INPUT DATA:
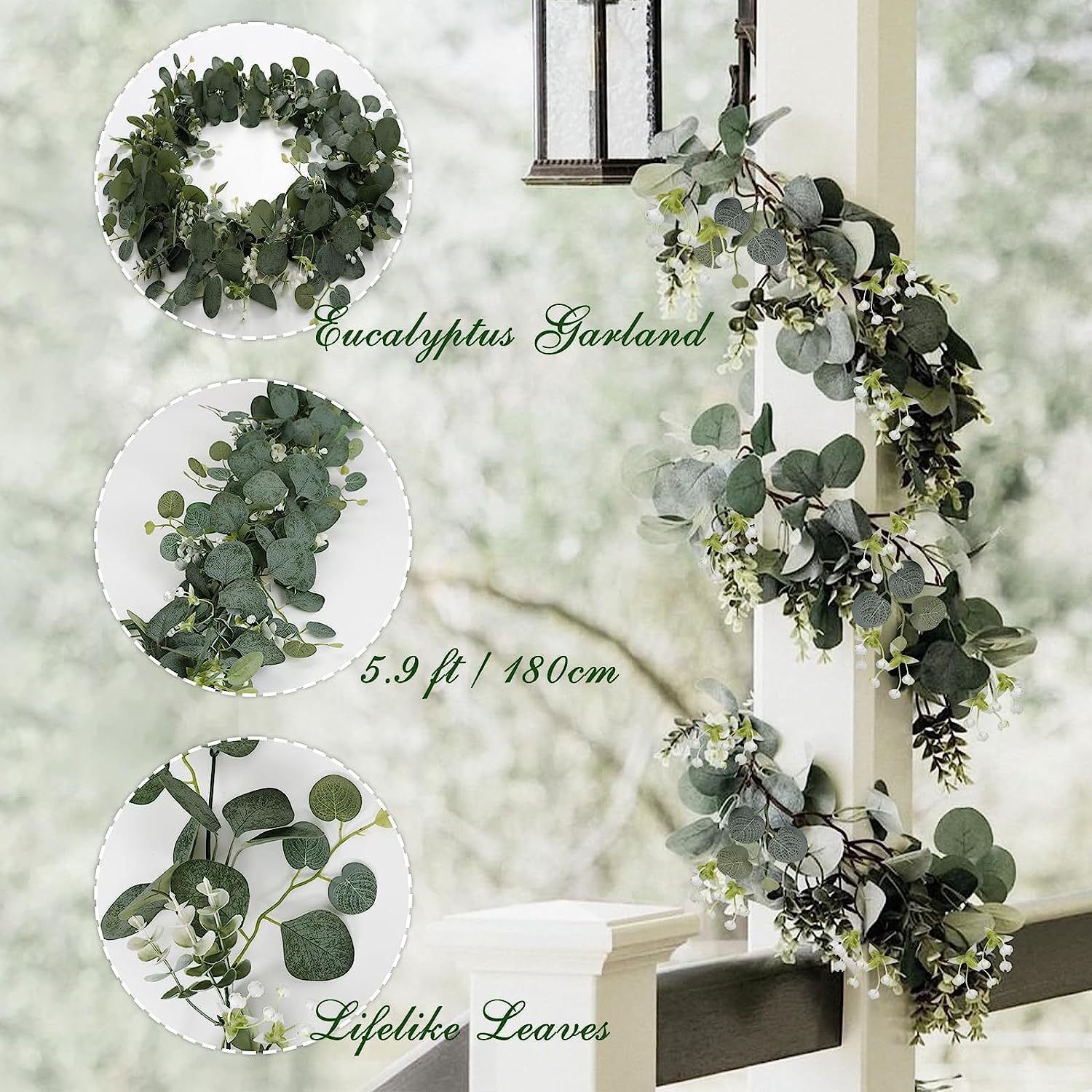 Artificial Eucalyptus Garland, Faux Floral Garland, 2/4 Counts Faux Greenery Vines, Decorative Plants for Wedding Party Mantle Table Runner Home Decor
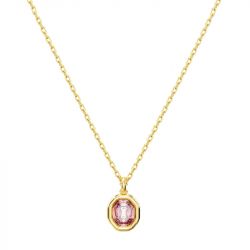 Collier femme imber swarovski métal doré et cristal rose 5682531 - colliers-femme - edora - 0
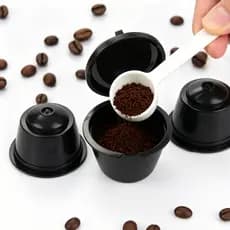 3/5  Preto/Castanho cápsulas de café reutilizáveis Dolce Gusto, recarregáveis, refrescantes e revigorantes, em promoção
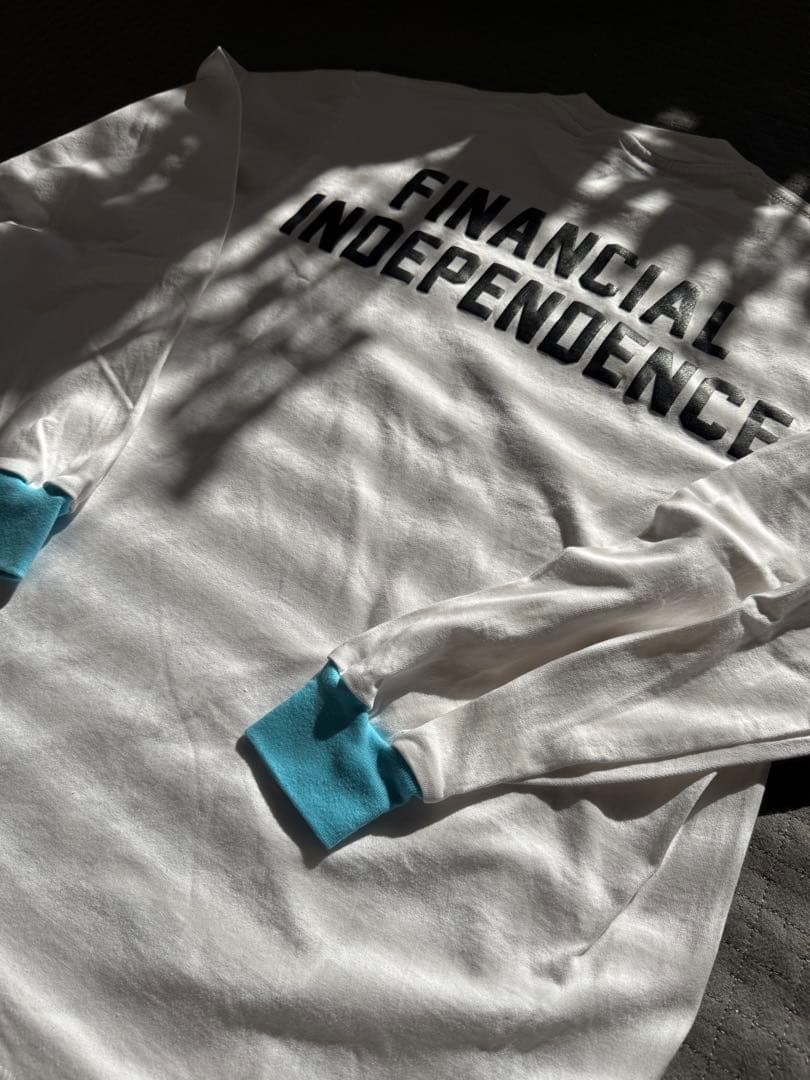 anyteeFINANCIAL INDEPENDENCE 長袖カットソー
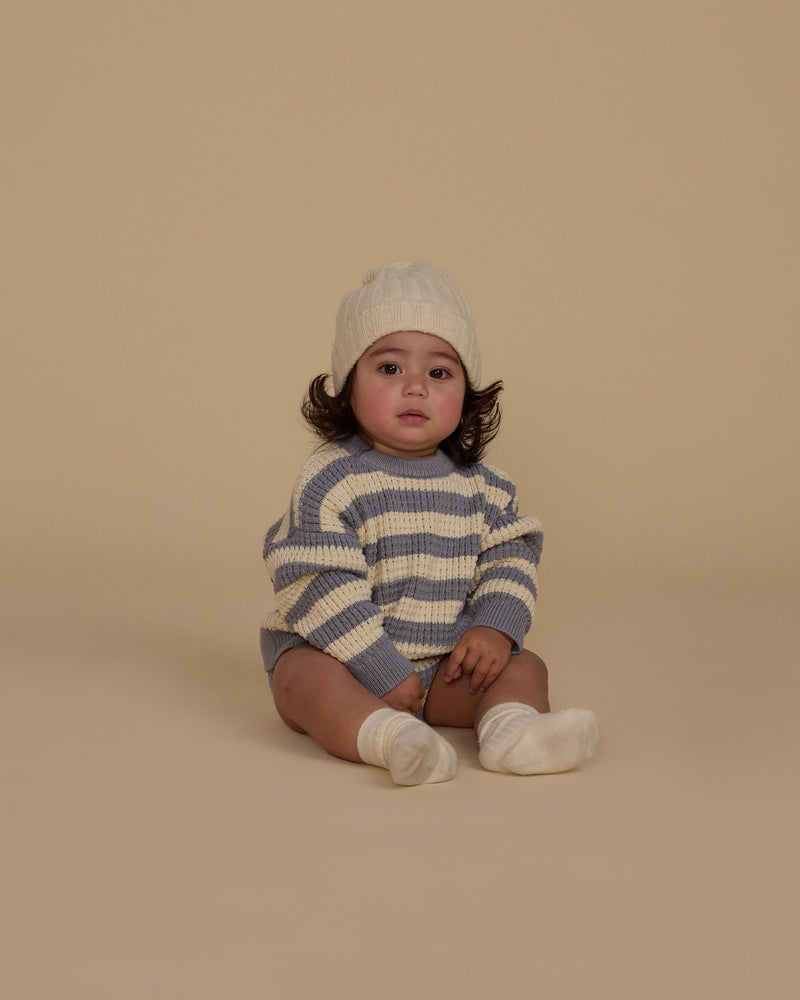 Dusty Blue Stripe Aspen Sweater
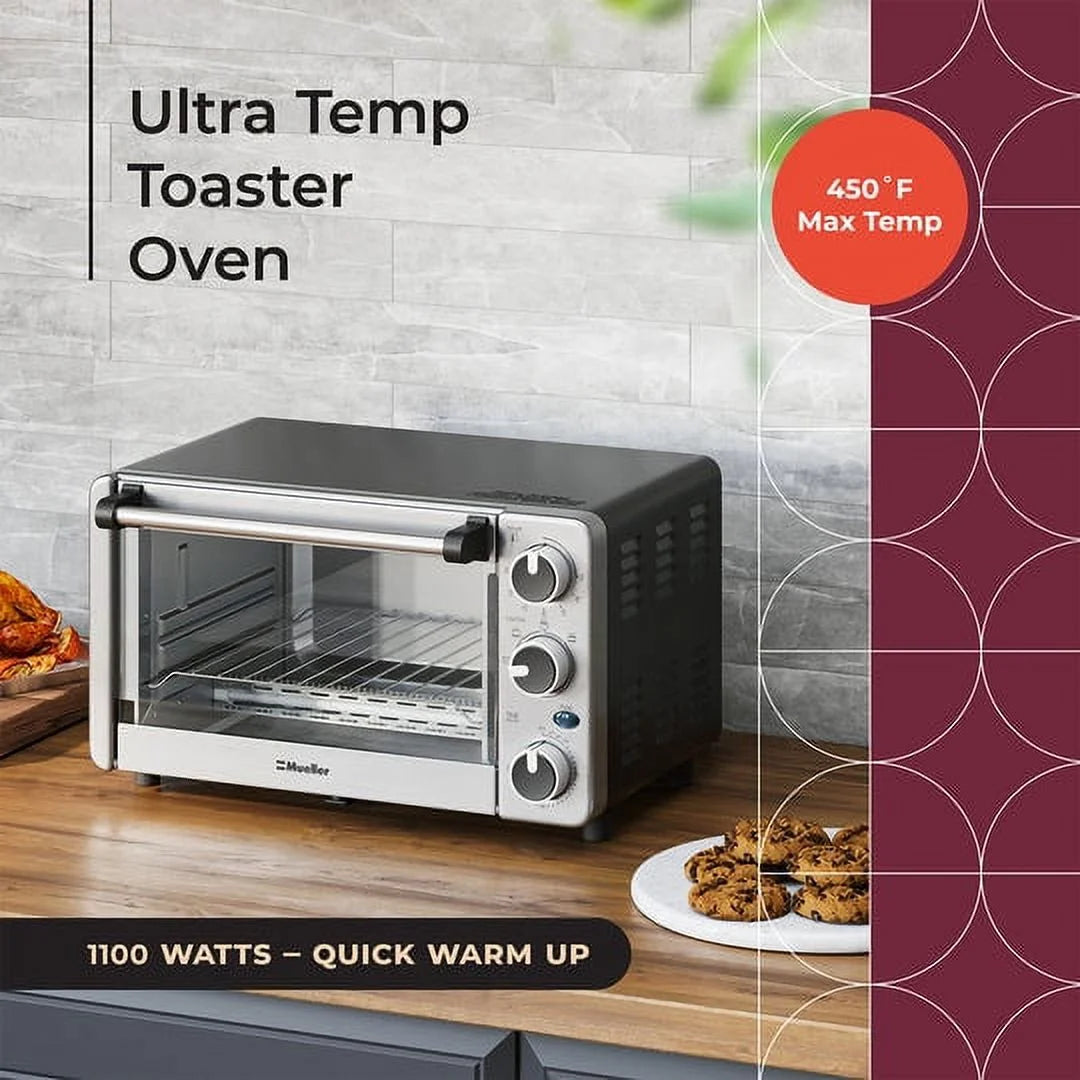 Stainless Steel 4 Slice Toaster Oven with 30 Minute Timer E315415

WORK REQUEST: Only one stretch of the data is wanted: write out exactly the lines from the one holding "Collier femme imber" through the one holding "anyteeFINANCIAL INDEPENDENCE 長袖カットソー", both included, without the pictures.

TASK OUTPUT:
 Collier femme imber swarovski métal doré et cristal rose 5682531 - colliers-femme - edora - 0
 3/5  Preto/Castanho cápsulas de café reutilizáveis Dolce Gusto, recarregáveis, refrescantes e revigorantes, em promoção
 anyteeFINANCIAL INDEPENDENCE 長袖カットソー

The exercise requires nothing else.